Scelta sbagliata, visto che dopo il fischio d’inizio la Nocerina ha effettuato subito tre cambi e altri cinque giocatori hanno simulato degli infortuni per uscire dal campo, determinando così l’inferiorità numerica della squadra e costringendo l’arbitro Sacchi di Macerata a sospendere il match. Nei primi minuti di gioco, un aereo ha sorvolato lo stadio Arechi di Salerno con uno striscione che recitava: “Rispetto per Nocera e per gli ultras”.

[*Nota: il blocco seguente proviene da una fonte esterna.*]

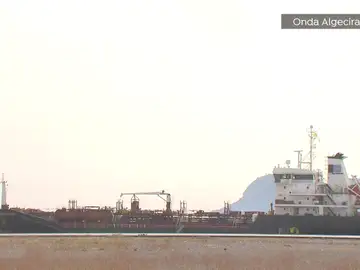 Inmovilizado en Algeciras un petrolero ante las sospechas de coronavirus Inmovilizado en Algeciras un petrolero ante las sospechas de coronavirus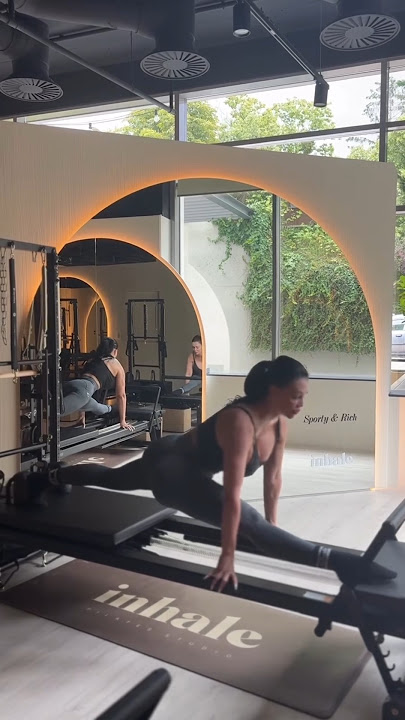 Hit The #gym with me #stepmom #milf #trending #viralgirl #fitgirl #fitnessmodel #viral #shorts #fit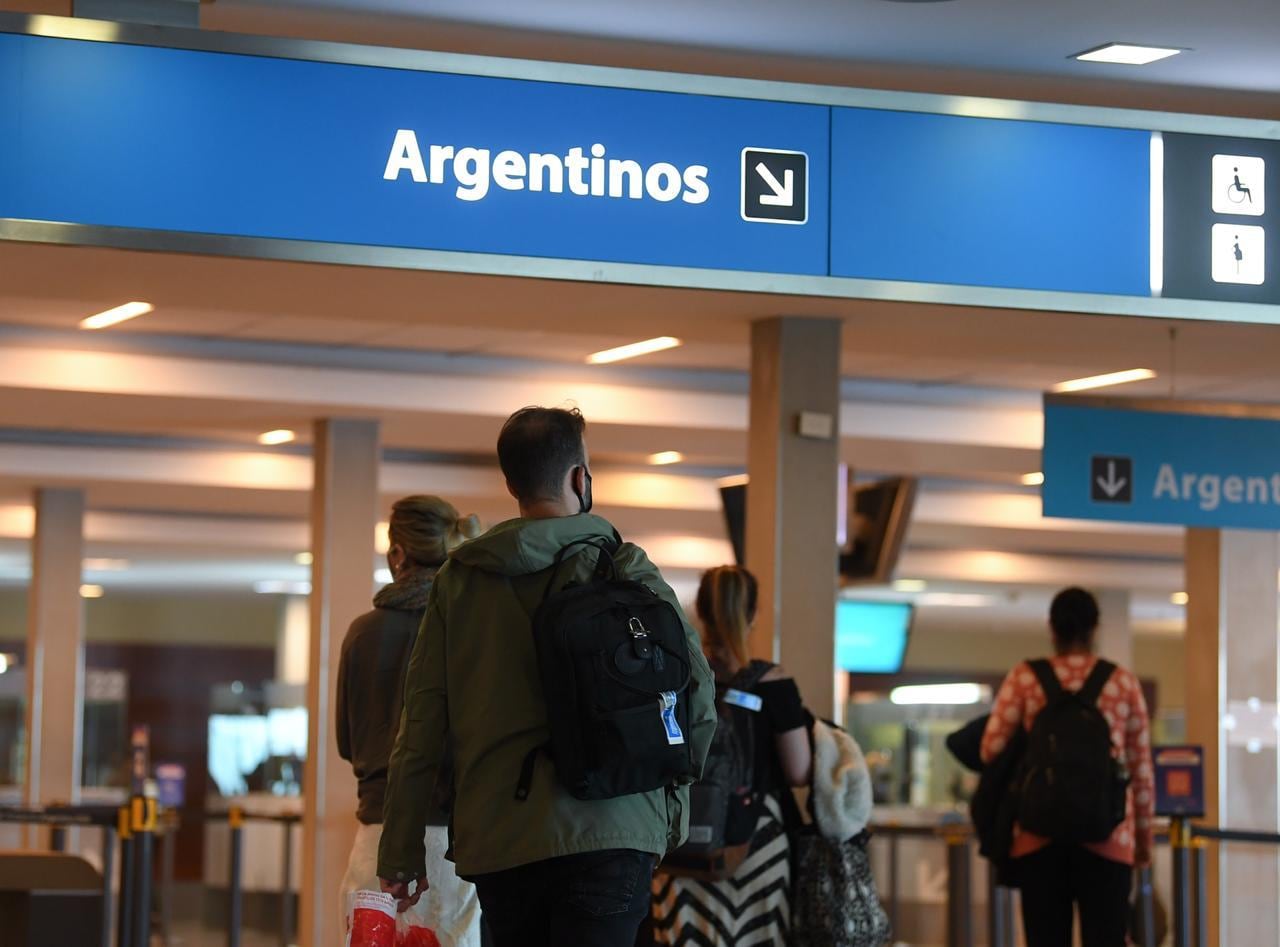 En sintonía con varios países de Europa, el Gobierno nacional decidió suspender todos los vuelos con Gran Bretaña, tras la aparición de una nueva cepa de coronavirus. 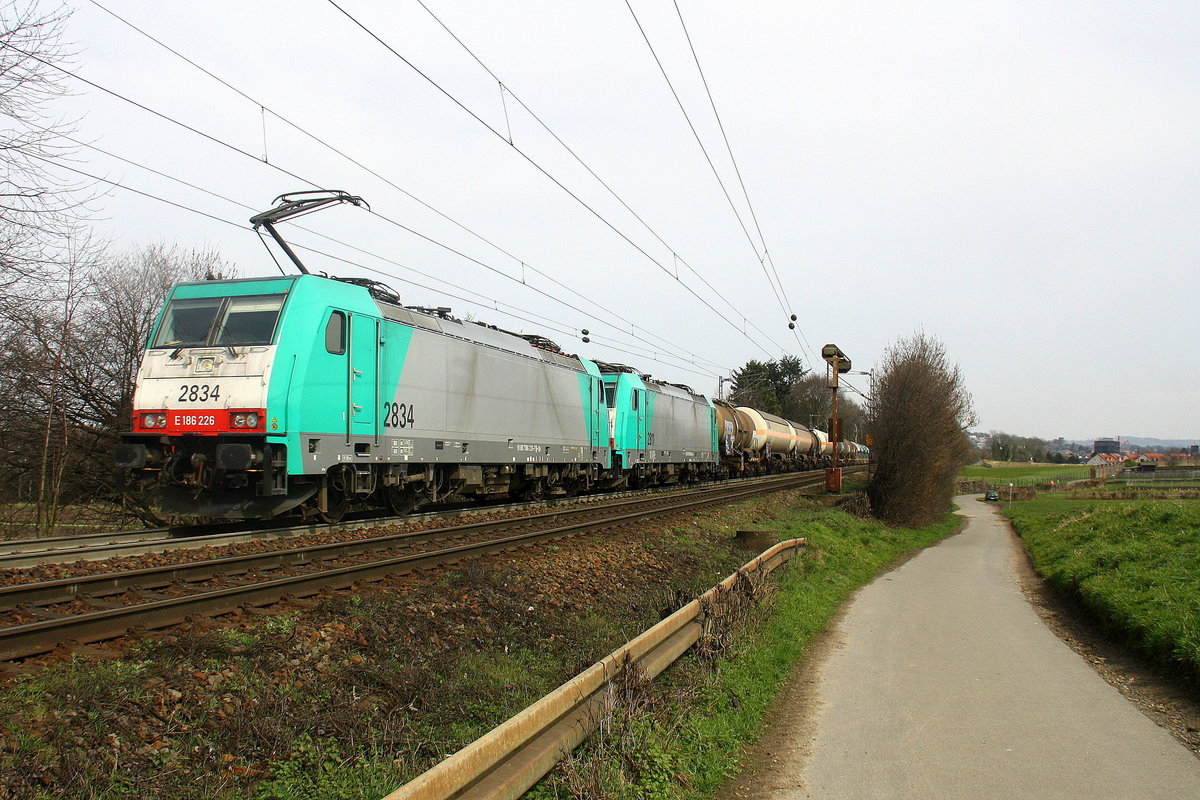Zwei Cobra 2834 und 2811  kommen die Gemmenicher-Rampe hochgefahren aus Richtung Aachen-West mit einem schweren gemischten Güterzug aus Köln-Gremberg nach Antwerpen-Noord(B) und fahren in Richtung Gemmenicher-Tunnel,Botzelaer(B),Gemmenich(B),Nouvelaer(B),Moresnet(B),Moresnet-Chapelle(B),Montzen(B). 
Aufgenommen an der Montzenroute am Gemmenicher-Weg. 
Bei Sonne und Wolken am 2.4.2016.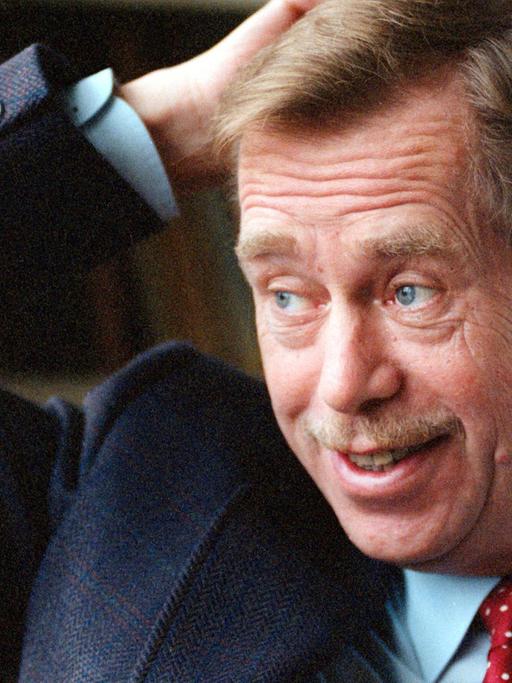 Václav Havel in seiner Wohnung, aufgenommen am 25.1.1993, einen Tag bevor er zum ersten Staatspräsidenten der Tschechischen Republik gewählt wurde.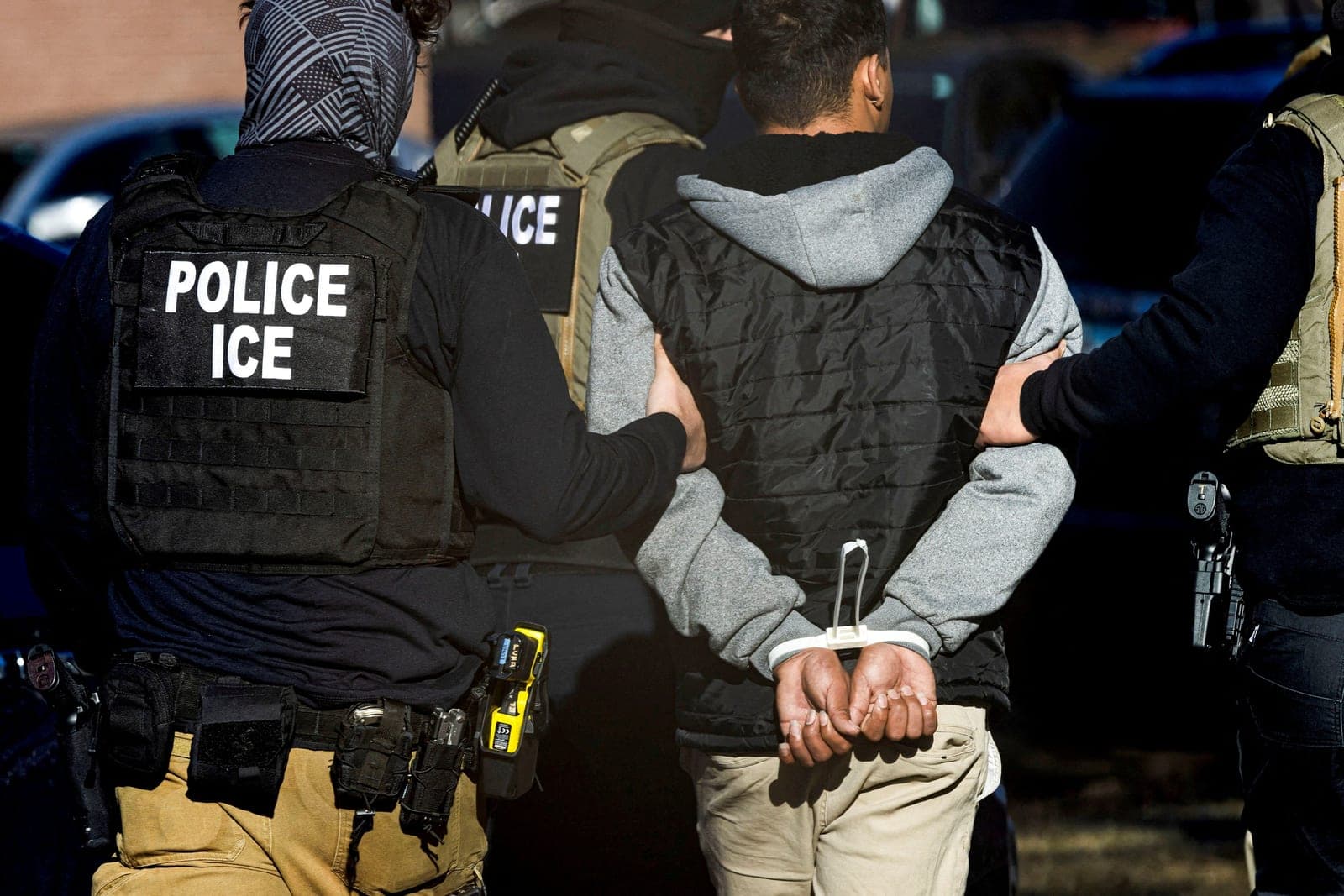 ICE caught frantically moving detainees from crowded cells before congressional visit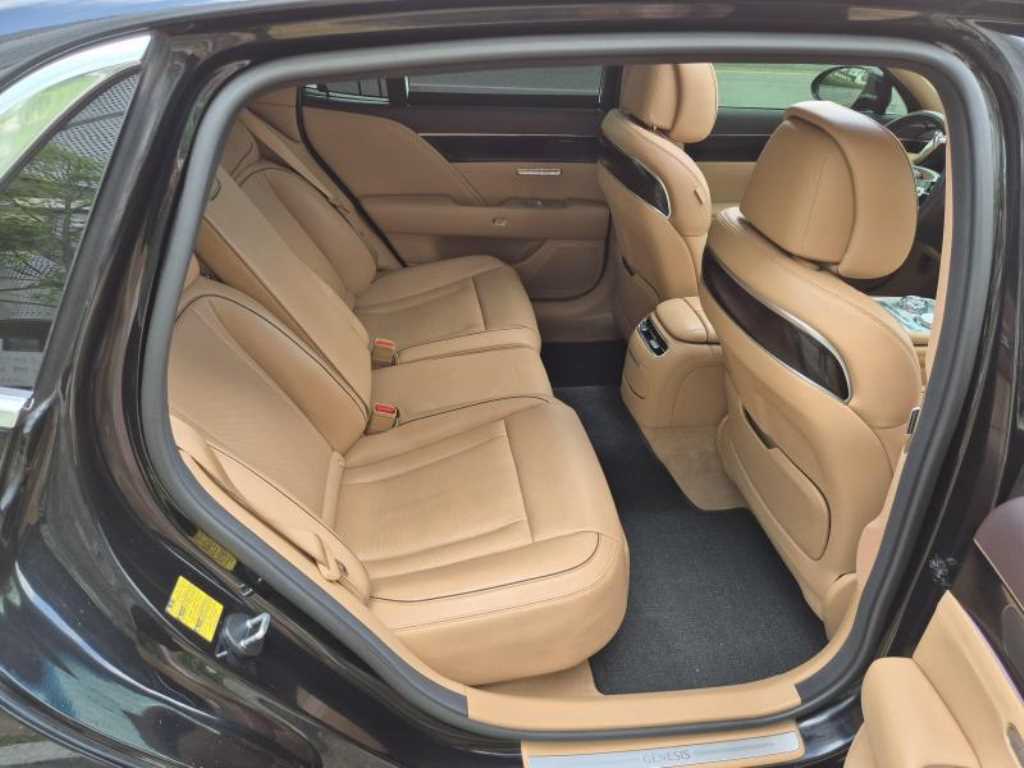 Genesis G90 2022 Negro - Importación desde Corea - HF Imports Iquique - Foto 13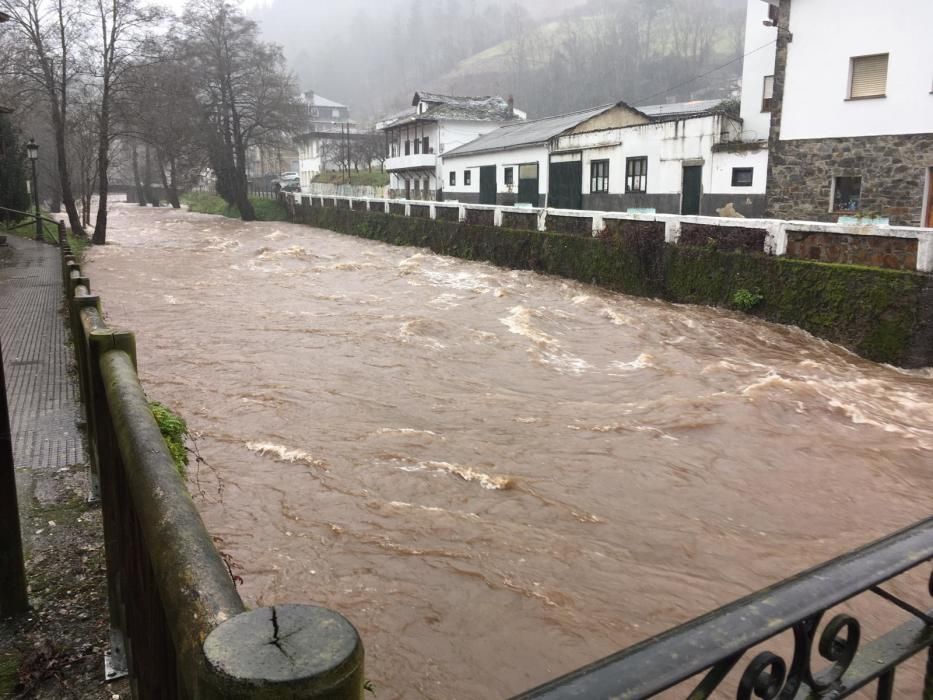 Tiempo en Asturias: Las espectaculares imágenes de las riadas, argayos e incidencias del temporal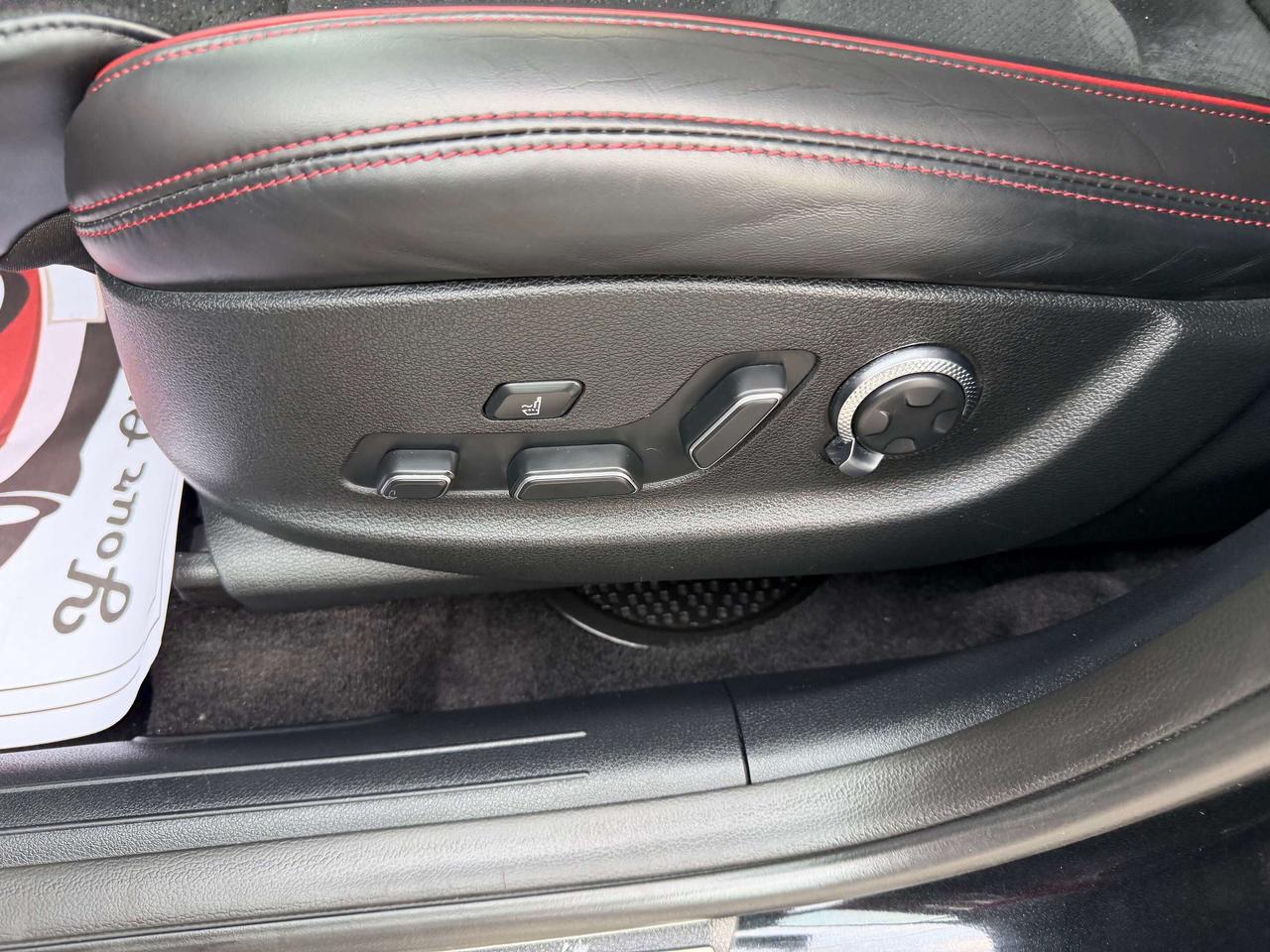 2023 Genesis GV70 Prestige, Heads Up, 360 Cam, 2.5t, Navigation, AWD Photo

Ma cosa ha innescato le minacce subite dai calciatori di Nocera? Il fatto che la sfida si disputasse senza la presenza della tifoseria ospite, decisione presa dal Giudice Sportivo in quanto la gara era ritenuta “troppo calda” e a rischio. Ora la Salernitana dovrebbe ottenere la vittoria a tavolino per 3-0, ma ovviamente il caso è aperto: a Salerno ci sono i tifosi di casa che chiedono indietro i soldi per uno spettacolo che non hanno potuto vedere: “Sono qui solo per comunicare che tutti i dirigenti della Nocerina calcio sono dimissionari. E confermo il silenzio stampa di tutti i tesserati”, ha detto il direttore sportivo della Nocerina, Luigi Pavarese.